National homebuilder sets sights on Richmond market

california home

A D.R. Horton-built home in Glendora, California. (D.R. Horton)

The largest homebuilder in the country is homing in on the Richmond market.

Texas-based D.R. Horton, a $14 billion company publicly traded on the New York Stock Exchange, is extending its reach to Central Virginia, with its sights apparently set squarely on Midlothian.

Eight job postings on the company’s website last month specify “Virginia-Midlothian” as the location for the positions, which range from land acquisition and construction managers to a marketing coordinator and sales positions.

Jessica Hansen, vice president of investor relations and communications, confirmed the company is expanding to the Richmond area, extending its presence from Northern Virginia, where it has an office in McLean. The office is one of 61 that make up the company, which is active in 79 metros in 26 states.

“We are looking forward to expanding into Southern Virginia,” Hansen said in an email, adding that it expects to close on its first Richmond-area land deal in January. She declined further comment until that deal closes.

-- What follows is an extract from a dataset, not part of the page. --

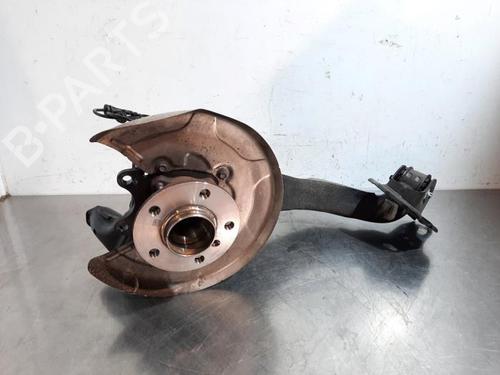 Used Right rear steering knuckle BMW X1 (F48) sDrive 18 d (150 hp) 23588570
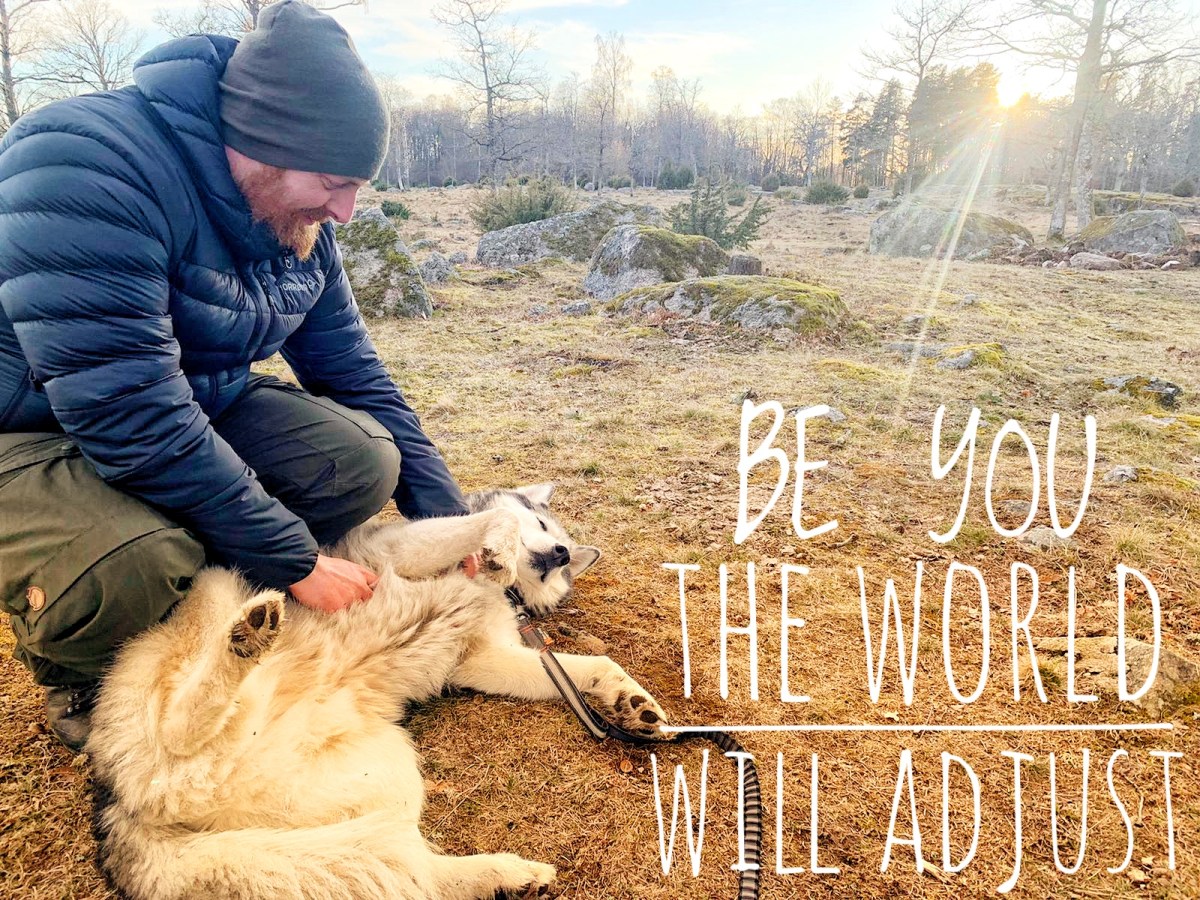 Die Angst, ins Unbekannte&nbsp;aufzubrechen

With $14.1 billion in revenue last fiscal year, D.R. Horton is the largest homebuilder in the U.S. measured by revenue and number of homes closed. It has been ranked the country’s biggest homebuilder by Builder Magazine since 2002.

Founded in 1978, it was listed on the NYSE in 1992 under the ticker symbol “DHI.” The company’s stock was trading at $49.81 per share at market close Wednesday.

With a family of brands that includes Emerald Homes, Express Homes, Freedom Homes and Pacific Ridge Homes, D.R. Horton focuses primarily on single-family homes for entry-level homebuyers and first-time movers.

chicago home interior

The interior of a home the company built in Chicago. (D.R. Horton)

Homes range in size from 1,000 to upwards of 4,000 square feet, at prices ranging from $100,000 to $1 million and higher. For the fiscal year ended Sept. 30, D.R. Horton’s brands sold more than 45,700 homes, with an average closing price of $298,400, according to the company’s SEC filings.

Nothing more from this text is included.